■ **What this task involves**
Your answer must be the exact lines below, starting with the line with "Let's dive into" and going on through the line with "Third, for invoices, the", both included, with no pictures.

■ **Given data**
* * *

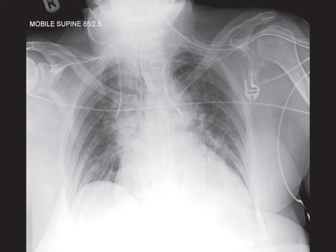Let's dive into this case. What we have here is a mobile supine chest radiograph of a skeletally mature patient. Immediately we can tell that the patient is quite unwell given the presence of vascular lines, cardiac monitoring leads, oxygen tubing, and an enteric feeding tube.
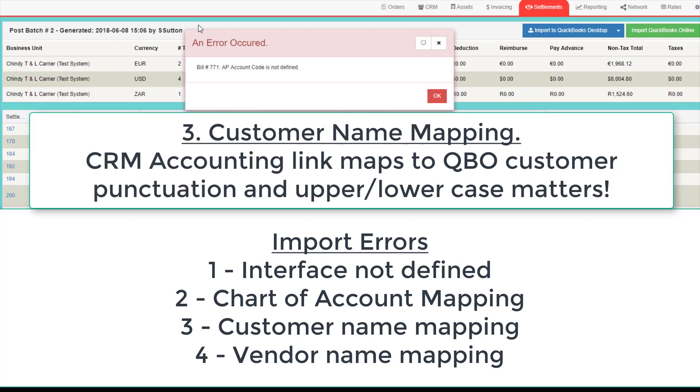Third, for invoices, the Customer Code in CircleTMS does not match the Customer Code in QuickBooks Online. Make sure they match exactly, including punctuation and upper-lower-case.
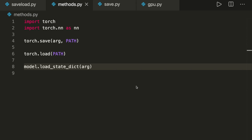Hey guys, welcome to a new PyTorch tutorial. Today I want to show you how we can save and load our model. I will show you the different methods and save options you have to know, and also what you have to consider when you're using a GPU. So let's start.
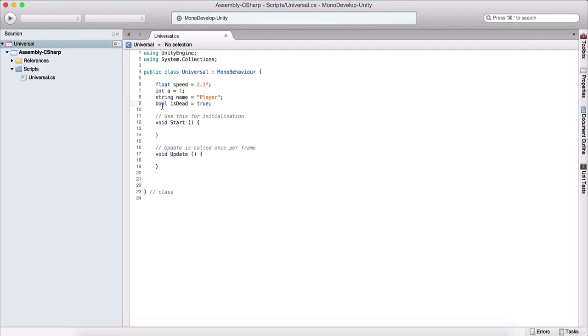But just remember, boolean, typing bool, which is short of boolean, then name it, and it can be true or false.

* * *

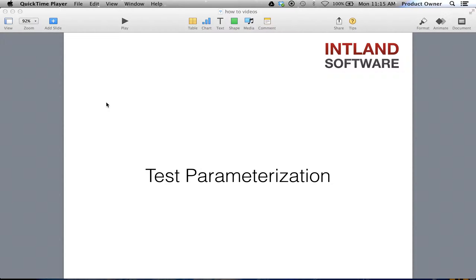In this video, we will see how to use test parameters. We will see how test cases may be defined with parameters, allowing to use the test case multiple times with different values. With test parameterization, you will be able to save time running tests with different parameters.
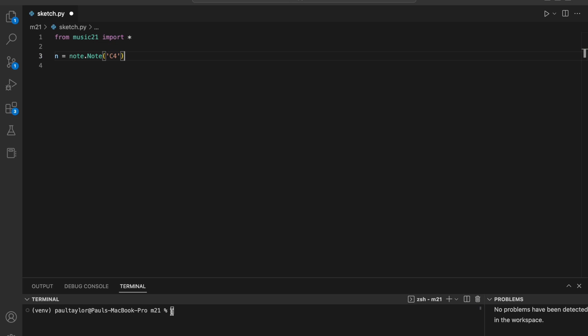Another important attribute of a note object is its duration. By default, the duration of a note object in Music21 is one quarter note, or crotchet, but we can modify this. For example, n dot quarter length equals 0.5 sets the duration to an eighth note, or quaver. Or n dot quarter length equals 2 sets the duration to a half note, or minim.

* * *

■ **Answer box**
Let's dive into this case. What we have here is a mobile supine chest radiograph of a skeletally mature patient. Immediately we can tell that the patient is quite unwell given the presence of vascular lines, cardiac monitoring leads, oxygen tubing, and an enteric feeding tube.
Third, for invoices, the Customer Code in CircleTMS does not match the Customer Code in QuickBooks Online. Make sure they match exactly, including punctuation and upper-lower-case.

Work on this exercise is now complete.